After posting its first sub-100% combined ratio excluding the impact of policyholder dividends in four years, Amica Mutual Insurance Co. is projecting even more favorable results for 2019.
The Lincoln, R.I.-based company in its annual statutory statement projected a 2019 combined ratio at the group level of 101.1%, including dividends and measuring other underwriting expenses relative to net premiums earned, as it expects a second consecutive year of marked improvement in its loss ratio. Amica Mutual and its Amica Property & Casualty Insurance Co. subsidiary generated a net underwriting profit in 2018 of $50.7 million, as calculated by S&P Global Market Intelligence, compared with a loss of $92.1 million in 2017.
The Amica Mutual group's 2018 combined ratio totaled 103.9% when weighing other underwriting expenses against net premiums earned and 103.5% when measuring them against net premiums written, which is the methodology primarily employed by S&P Global Market Intelligence. That compares with figures of 110.9% and 109.9%, respectively, in 2017.
The combined ratio excluding policyholder dividends was below 98% in 2018 on either basis, versus results above 103% in 2017. The group's combined ratio exceeded 100% both with and without the impact of policyholder dividends in 2015 and 2016 as well.
The policyholder dividend ratio averaged 6.9% during the last four years; it totaled 6.1% in 2018 as management said that it decided to lower dividend rates in several key states. The forecast combined ratio for 2019 suggests a result excluding the impact of dividends of around 95%.
A lower net loss ratio accounted for most of the year-over-year improvement in 2018 as the group's result fell to 63.6% from 69.3% in 2017. Amica Mutual issued a forecast for a 59.4% net loss ratio at the group level in 2019, which would represent its best result since the 55.2% it posted in 2014. The company said more favorable claims activity and continued benefits from rate increases will drive the improvement in its loss ratio.
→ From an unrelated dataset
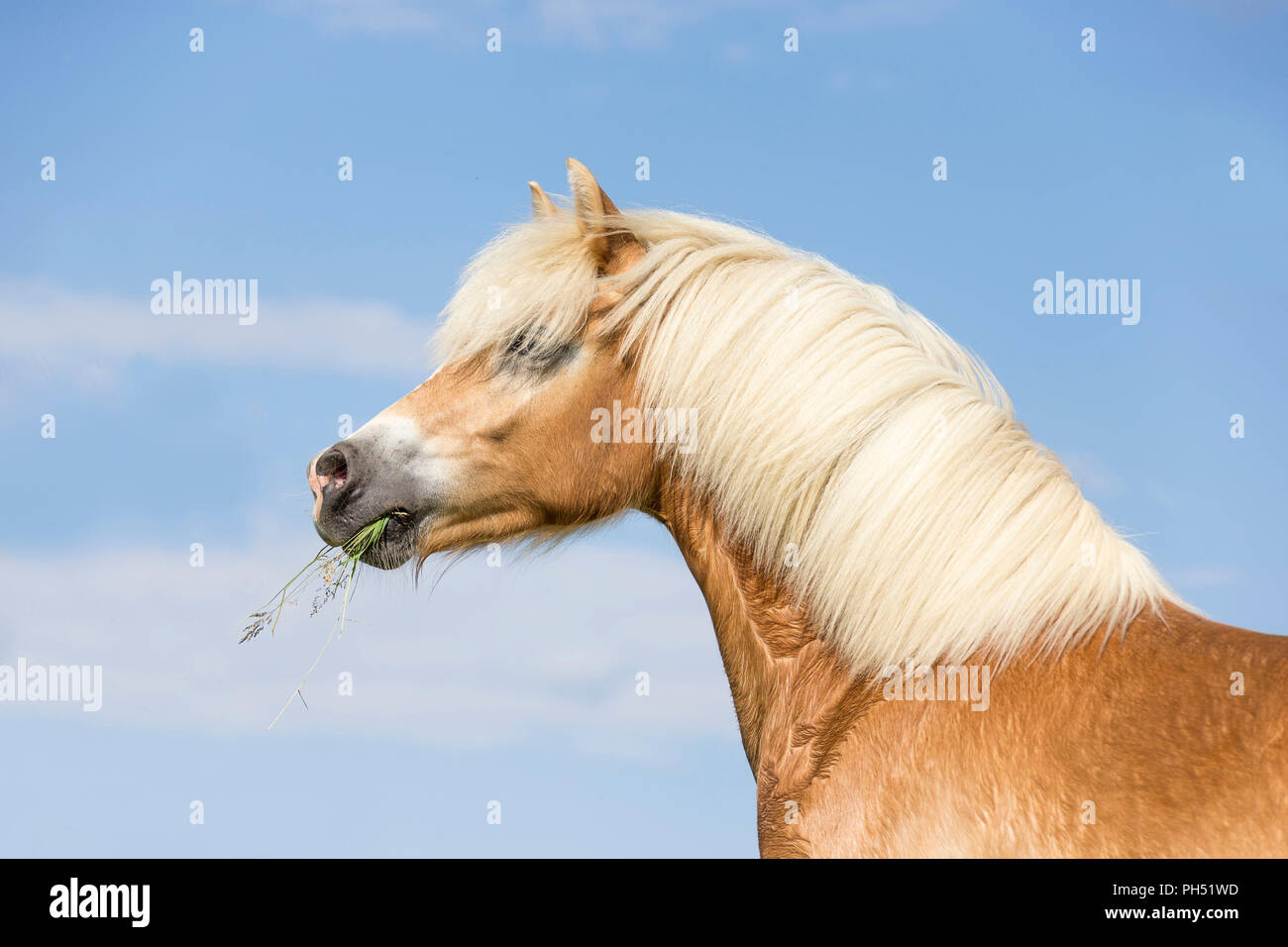 Cavalli di Razza Haflinger. Ritratto di un mare. Austria Foto Stock
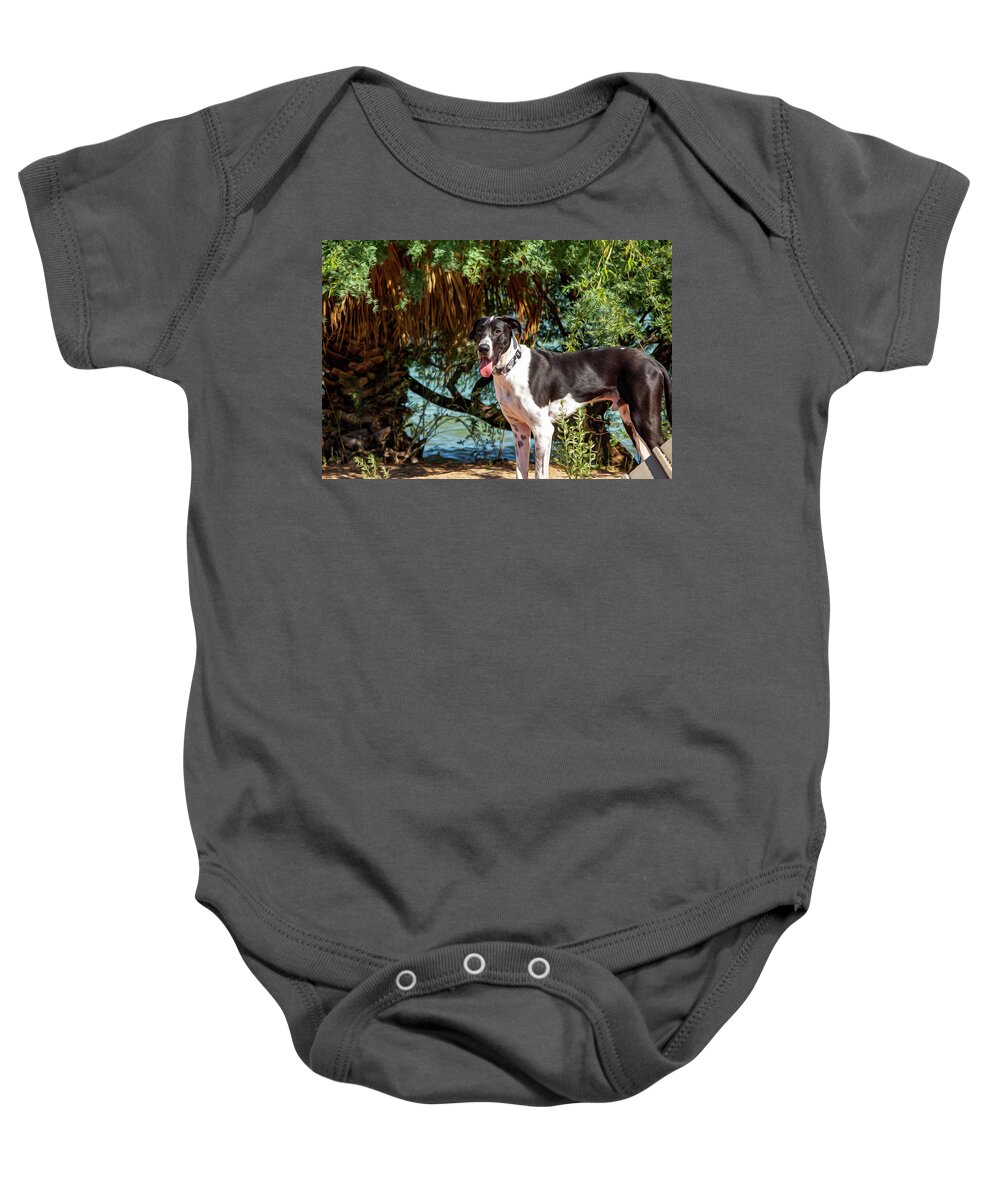 Dog Baby Onesie featuring the photograph Tucker - Paintography by Anthony Jones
Loss ratios in both the private auto and homeowners business lines "remained slightly elevated" in 2018, according to the company, but a closer look at statutory data shows that Amica Mutual saw improvement in each of those core areas of focus.
S&P Global Market Intelligence calculates a direct loss and defense and cost containment expense, or DCCE, ratio of 62.1% in homeowners for 2018, down from just under 70% in 2017, but above the results the group produced in that line from 2012 through 2014 and in 2016. Amica Mutual said winter weather, hail and fire loss experience was elevated in 2018, adversely affecting the homeowners results, pointing specifically to "two major hailstorms" in Texas and Colorado in June of that year.
The group's direct loss and DCCE ratio across the private auto business lines was 69.8% in 2018, down from 74.9% in 2017 and the lowest such result since 2014's 66.2%. Trends varied across coverages, however. While the private auto physical damage direct loss and DCCE ratio tumbled by 10 percentage points to a best-in-four-years 64.9%, the other private auto liability direct loss and DCCE ratio fell by just 1 percentage point to 73.8%. Direct premiums earned for the group's private auto business, across coverages, increased by 6.3% at the same time direct losses and DCCE incurred fell by 1.2%. Amica Mutual noted particular improvement in comprehensive claims on a year-over-year basis given the impact of Hurricane Harvey on 2017 results.
Amica Mutual also observed that its auto losses remained higher as it felt the effects of broader trends involving distracted driving, rising repair costs, and more drivers on the road during a time of low unemployment rates and gasoline prices.
Those factors appear to be considerably more muted on an industrywide basis in 2018, however, relative to the three prior years. Strength in the private auto business represented the leading driver of the largest net underwriting profit in 12 years for the market-leading group headed by State Farm Mutual Automobile Insurance Co., for example. The nation's No. 2 and No. 3 private auto writers, Berkshire Hathaway Inc.'s GEICO Corp. companies and Progressive Corp., also showed considerable year-over-year improvements in statutory underwriting profitability.
Amica Mutual is in the process of converting auto policies in certain markets to six-month terms from 12-month terms as it seeks the ability to respond more rapidly to the changing underwriting conditions. It first offered those terms in the fourth quarter of 2018 in Texas and Florida, and plans to do so in 18 additional states in 2019. According to one product filing regarding the forthcoming change in New Jersey, the group indicated that all of its private auto insureds in that state would default to six-month terms upon renewal.